# Guys who have cattle and cut their own hay



## JD3430

If you cut hay for your own herd, can you tell me what amount of dogbane or milkweed you would accept as safe?
My neighbor has a small herd that he doesn't slaughter- they're like big pets. He wants to buy rounds from me and I am concerned about selling him anything that might hurt his herd.
I have a field of nice hay I can get 20 rounds from, but it has either a little milkweed or dogbane in it. Less than 1% of the field is these weeds. Other 99% is redtop, timothy, orchard grass-looks really nice, but yes, there's some dogbane/milkweed in there.

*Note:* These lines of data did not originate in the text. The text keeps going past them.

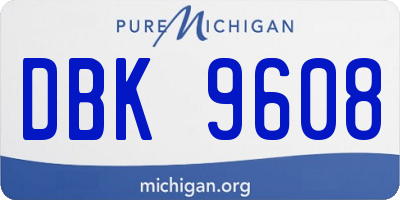 MI license plate DBK9608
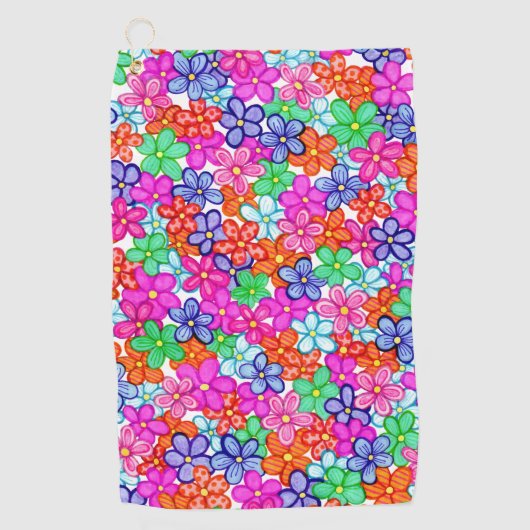 Muster für mehrfarbige Blume Golfhandtuch (Vorderseite)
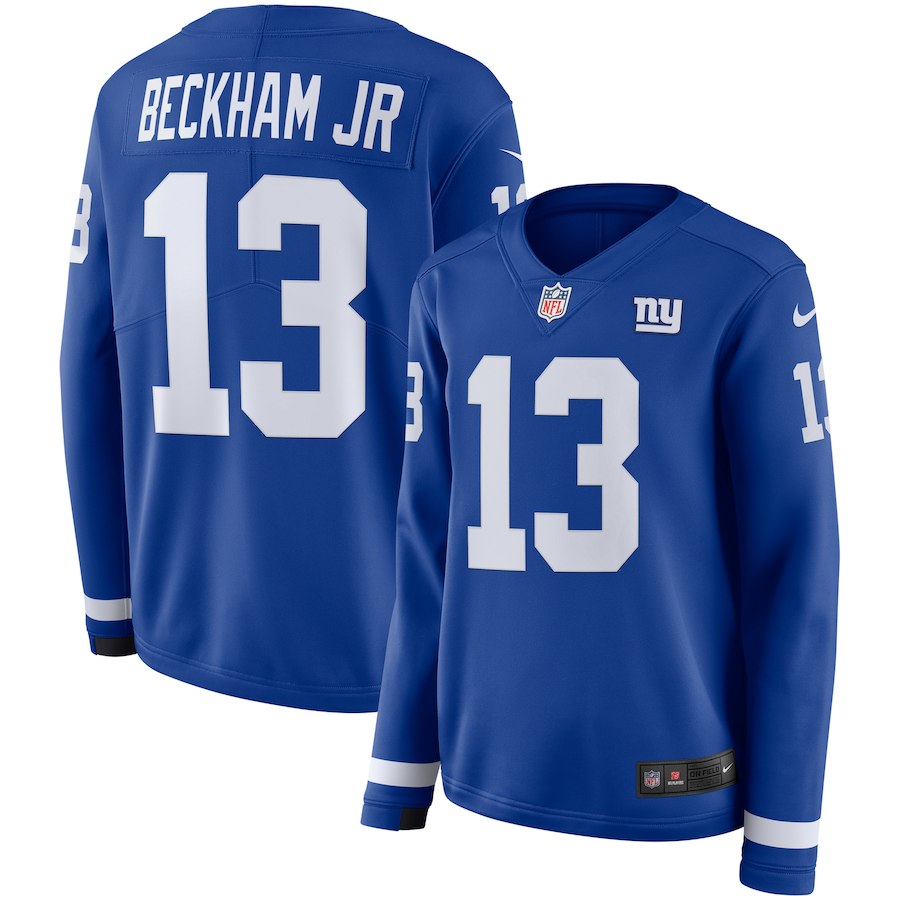 Women New York Giants 13 Beckham Jr blue Limited NFL Nike Therma Long Sleeve Jersey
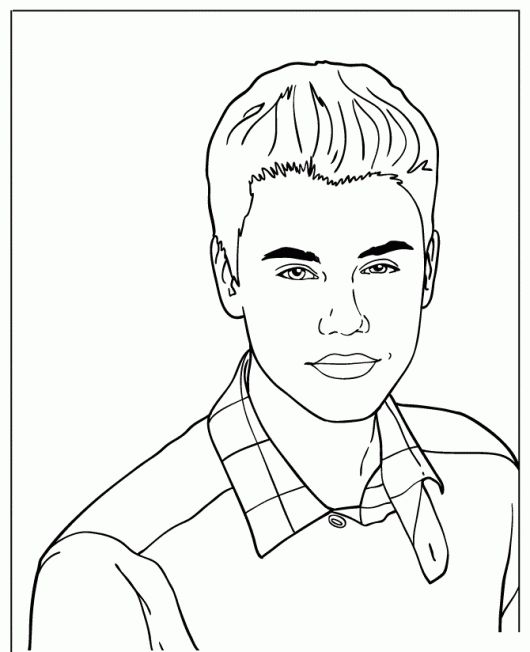 handsome justin bieber coloring sheet for justin lovers | Coloring pages,  Clip art library, People coloring pages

Last weed topic I'll start......... I promise..........till next week. lol


----------



## slowzuki

Dairy farmer up the road from me cuts several fields for balage that are over 50% milkweed. When you drive by a month after you'd guess they are solid seeded stands of milkweed. I've looked into it and what I've seen say at young stages common milkweed isn't bad. We have some in fields he cut before and dropped seed into, the horses eat around it, the sheep will eat the leaves but not touch the stalks.


----------



## scrapiron

I attempt to have all my hay weed free. I don't have milkweed or dogbane,but I do have dogfennel, ragweed,marestale,maypops,tropical soda apple,horsenettle and others. I do spray for weeds when necessary in hay fields & pasture. As long as cows are not starving they will normally not eat harmful weeds in hay. I have not been able to teach my cows to eat weeds. I have been known to walk/ride a field belore it is raked & hand pickup any weeds I see. That can get fun on a 30/60 acre field in mid summer here.

scrapiron


----------



## ForemanTX

If its in my hay field it gets cut and feed to cows,I let them deside on what weeds the wonna eat and what ones they dont,haha. Serious side the ony thing I watch about cutting is the R.O.W with the Dalis grass in it....


----------



## JD3430

It's really crazy how much difference of opinion exists here.
I've read everything from "an ounce of milkweed can kill a cow" to "my cows seek out and eat milkweed because they like it".

How about dogbane?


----------



## Tim/South

First, I am going to have to google milk weed.
I do not overly concern myself with a few weeds. I try to feed my cows good hay. I have learned a lot the past two years. I bought hay to supplement my own. I learned that about anything can be baled and called "cow hay".
I bale all of my own now. There may be a stray weed I do not recognize but what I am feeding is far and away better than what I bought, even from farmers.
My horses eat the "cow hay" I bale.

Off to search for Milk Weed.


----------



## mulberrygrovefamilyfarm

I have a lot of milk weed in several pastures. My cows do seek it out and eat it. Never have any problem at all. I watched a cow just today eat an entire plant starting with the big flower on top and then proceed to strip all of the leaves off and eat a good bit of the stem too. As far as I can tell it's not toxic to cows or I'd have a lot of sick and/or dead cows.


----------



## Nitram

I have cut my pastures for years as has my father had them cut and baled. I will echo previous posts on this thread as long as there is good grass mixed in the cows will eat what they like and know to feel good in their guts. Generally all pastures have some weeds. Now dogbane I'd have to look up but if in small quantities doubt there is much of an issue. Martin


----------



## Waterway64

One thing you don't say is how it will be fed. If it is to be ground or ensiled I would be concerned about poisonous weeds than if it were fed loose so that cows can sort out weeds. I wonder if we are all talking about the same plant when we say milk weed? To me it makes a good feed when cut young. My dad always said that nearly every plant had feed value when cut at the "right" stage. Also cutting or grazing at the right stage can nearly eliminate some weeds. I have never dealt with dog bain and know nothing of it. Mel


----------



## JD3430

The hay I speak of will be stored in my neighbor's barn. Then I will pull a roll down about once every 5 days and feed it to his small herd in a circualr feeder.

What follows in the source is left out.